Exercise data |

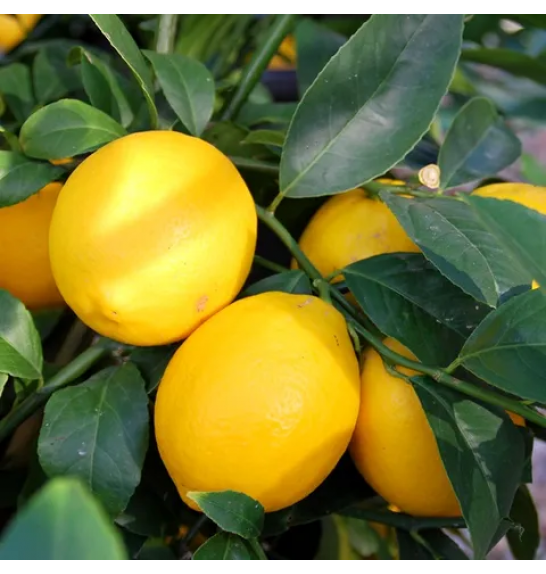 Citrus Meyeri Ø20 Na steblu 30 cm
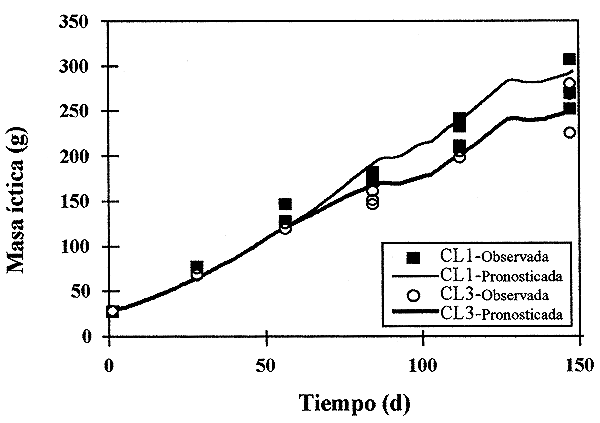 Figura A3.1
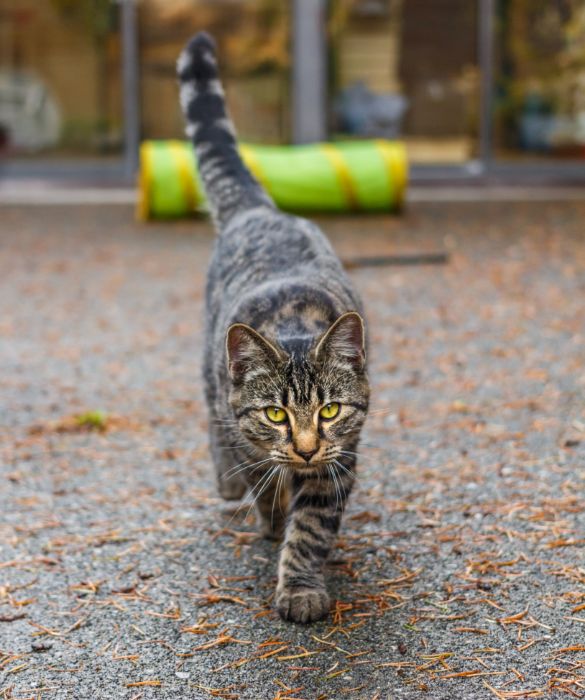 <p>Hai mai notato che i gatti camminano come cammelli e giraffe? La loro sequenza di camminata prevede prima entrambe le zampe di destra, seguite da entrambi le zampe sinistre, quindi muovono la met&agrave; del loro corpo contemporaneamente. Cammelli e giraffe sono gli unici altri animali al mondo a camminare in questo modo.</p>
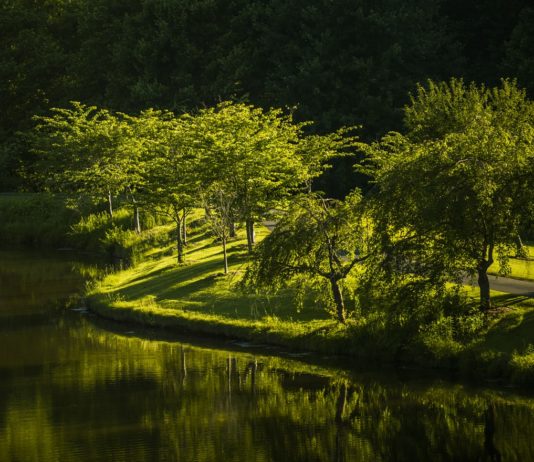 Fenntartható favágás-fenntartható erdőgazdálkodás Fenntartható favágás-fenntartható gazdálkodás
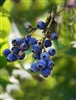 Brightwell Blueberry Plant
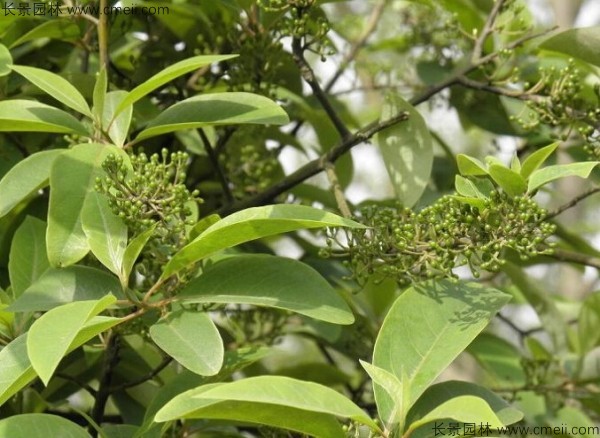 蓽澄茄種子發芽出苗圖片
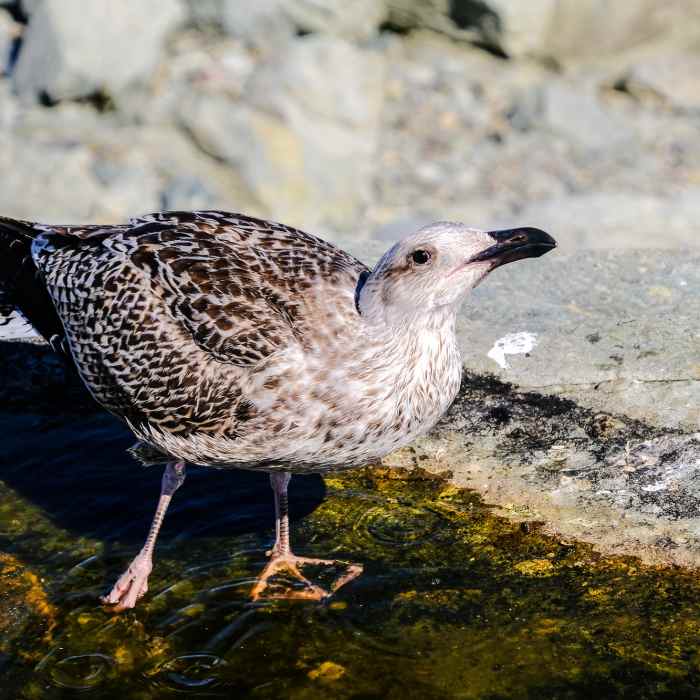 Gull Near Sachuest Point Figure-Eight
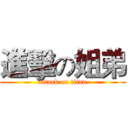 進擊の姐弟 (attack on titan)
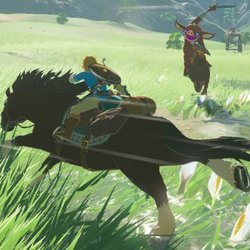 The Legend Of Zelda : Breath Of The Wild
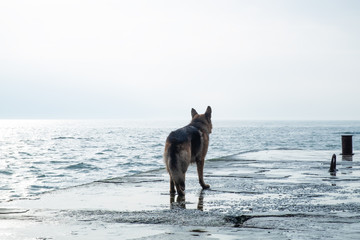 Sad dog stands by the sea and look away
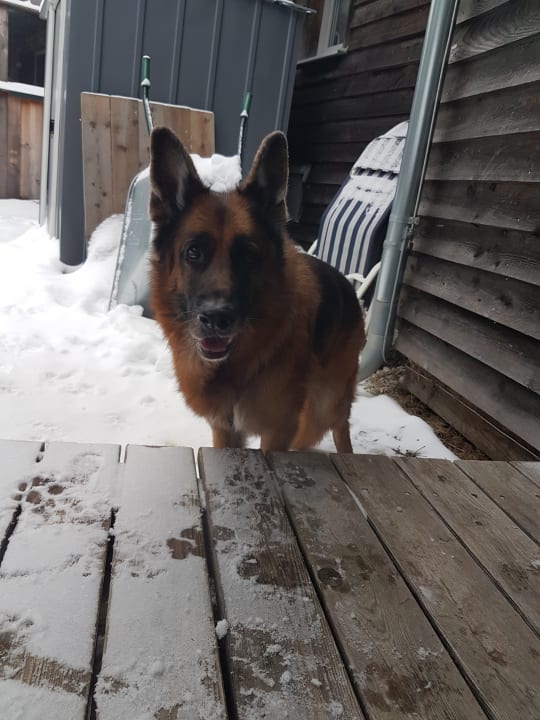 Auch für unseren Vierbeiner ein Genuß  Feriendorf Hohentauern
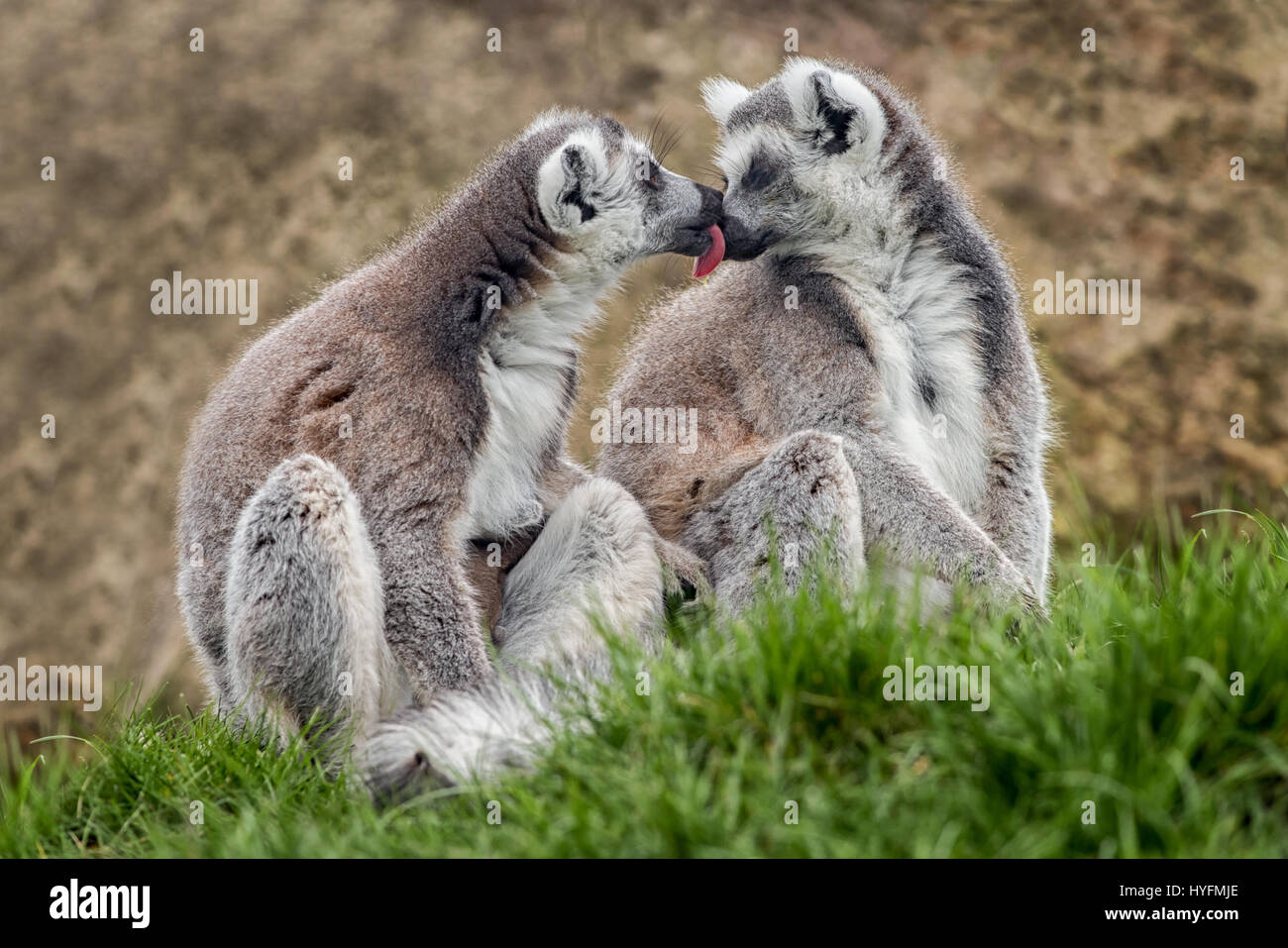 A pair of ring tailed lemurs sitting on grass one licking the other as if kissing Stock Photo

Task objective |
I would like the material above returned exactly as it stands, without its pictures.

Task solution |
 Citrus Meyeri Ø20 Na steblu 30 cm
 Figura A3.1
 <p>Hai mai notato che i gatti camminano come cammelli e giraffe? La loro sequenza di camminata prevede prima entrambe le zampe di destra, seguite da entrambi le zampe sinistre, quindi muovono la met&agrave; del loro corpo contemporaneamente. Cammelli e giraffe sono gli unici altri animali al mondo a camminare in questo modo.</p>
 Fenntartható favágás-fenntartható erdőgazdálkodás Fenntartható favágás-fenntartható gazdálkodás
 Brightwell Blueberry Plant
 蓽澄茄種子發芽出苗圖片
 Gull Near Sachuest Point Figure-Eight
 進擊の姐弟 (attack on titan)
 The Legend Of Zelda : Breath Of The Wild
 Sad dog stands by the sea and look away
 Auch für unseren Vierbeiner ein Genuß  Feriendorf Hohentauern
 A pair of ring tailed lemurs sitting on grass one licking the other as if kissing Stock Photo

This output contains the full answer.